» **REQUIREMENT**
Apart from the pictures, every record here must be copied word for word.

(Captioned web images)
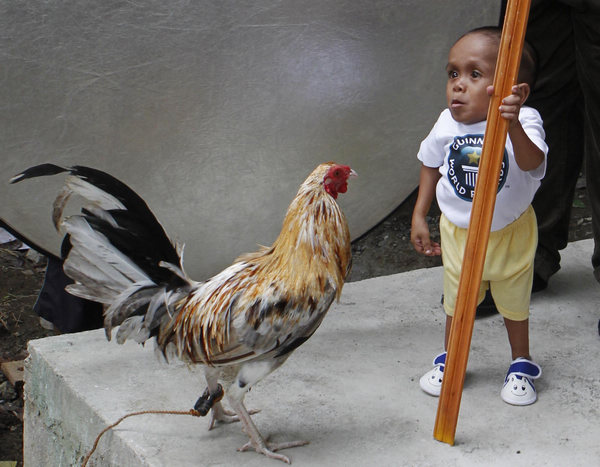 Filipino set to be named world's shortest man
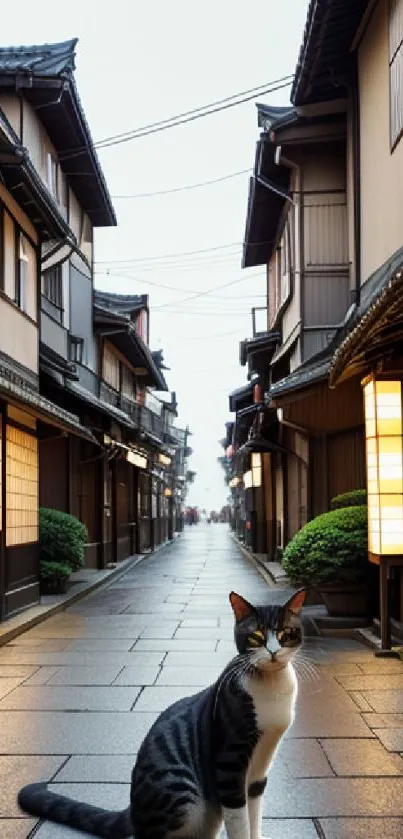 A street with a cat in a serene urban setting.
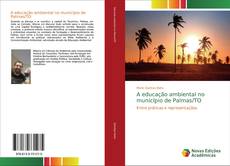 Copertina di A educação ambiental no município de Palmas/TO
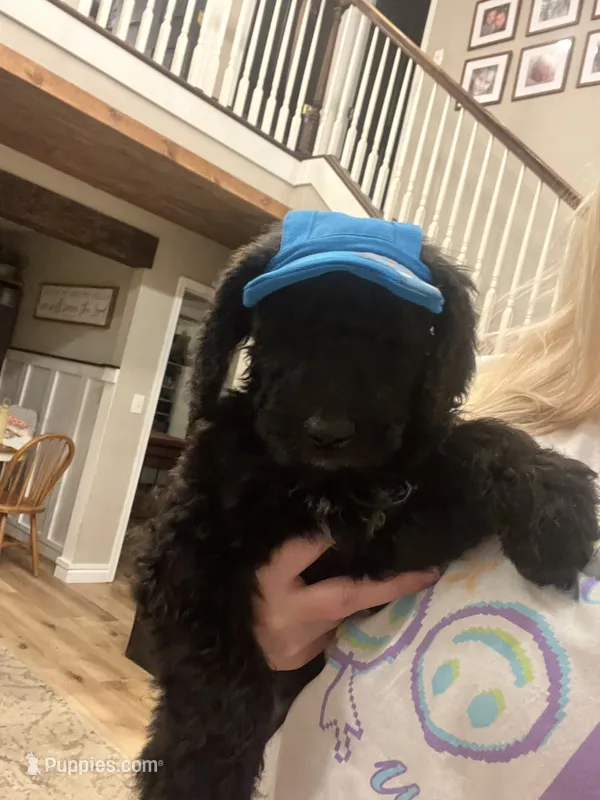 Gus – Goldendoodle puppy for sale in Caledonia, MO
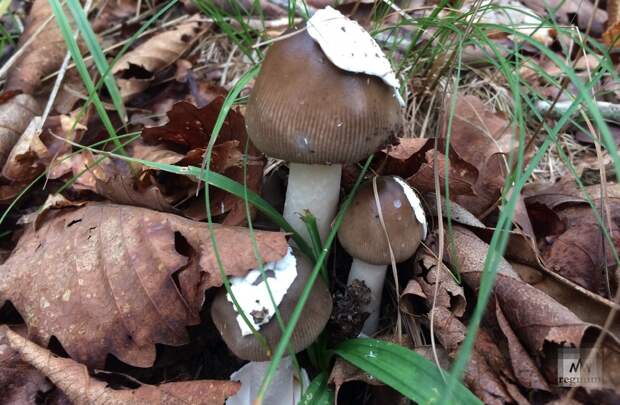 Жители Подмосковья заметили в лесах первые весенние грибы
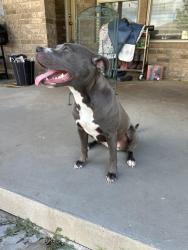 Found/Stray Female Dog last seen Lakewood Park, Leander, TX 78641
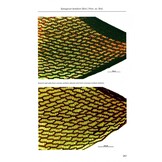 Sphagnum Mosses - The Stars of European Mires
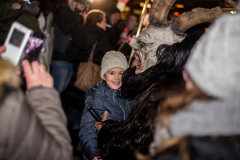 Photo by Sascha Fiala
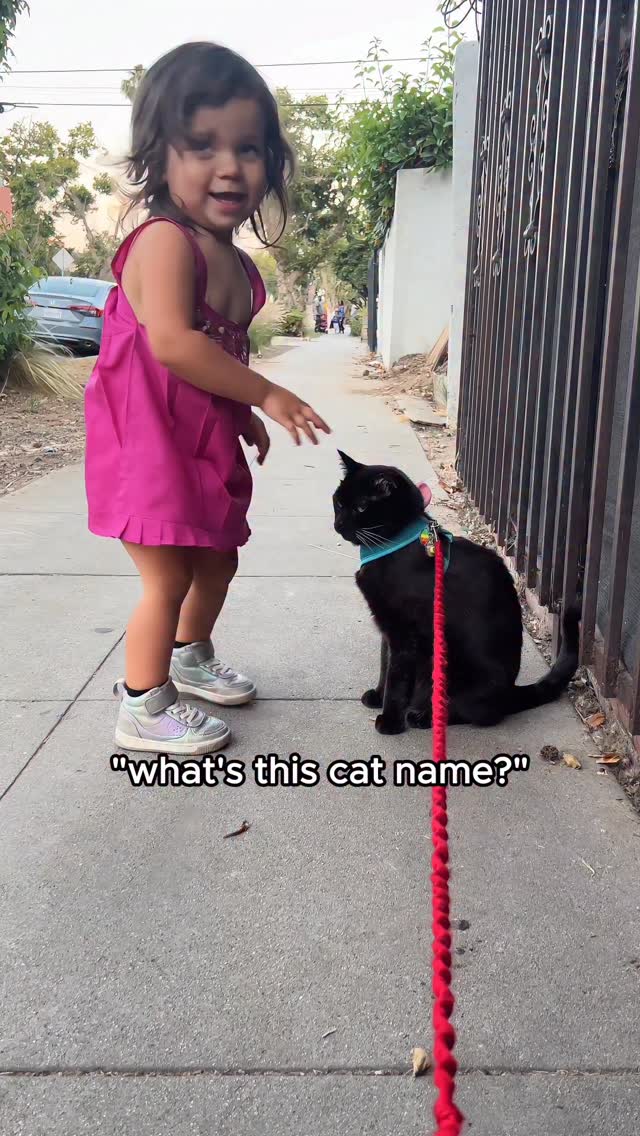 my cat made a new friend 🥹❤️ #blackcat #catperson #cutecat #therapycat #catlife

» **EXERCISE RESPONSE**
 Filipino set to be named world's shortest man
 A street with a cat in a serene urban setting.
 Copertina di A educação ambiental no município de Palmas/TO
 Gus – Goldendoodle puppy for sale in Caledonia, MO
 Жители Подмосковья заметили в лесах первые весенние грибы
 Found/Stray Female Dog last seen Lakewood Park, Leander, TX 78641
 Sphagnum Mosses - The Stars of European Mires
 Photo by Sascha Fiala
 my cat made a new friend 🥹❤️ #blackcat #catperson #cutecat #therapycat #catlife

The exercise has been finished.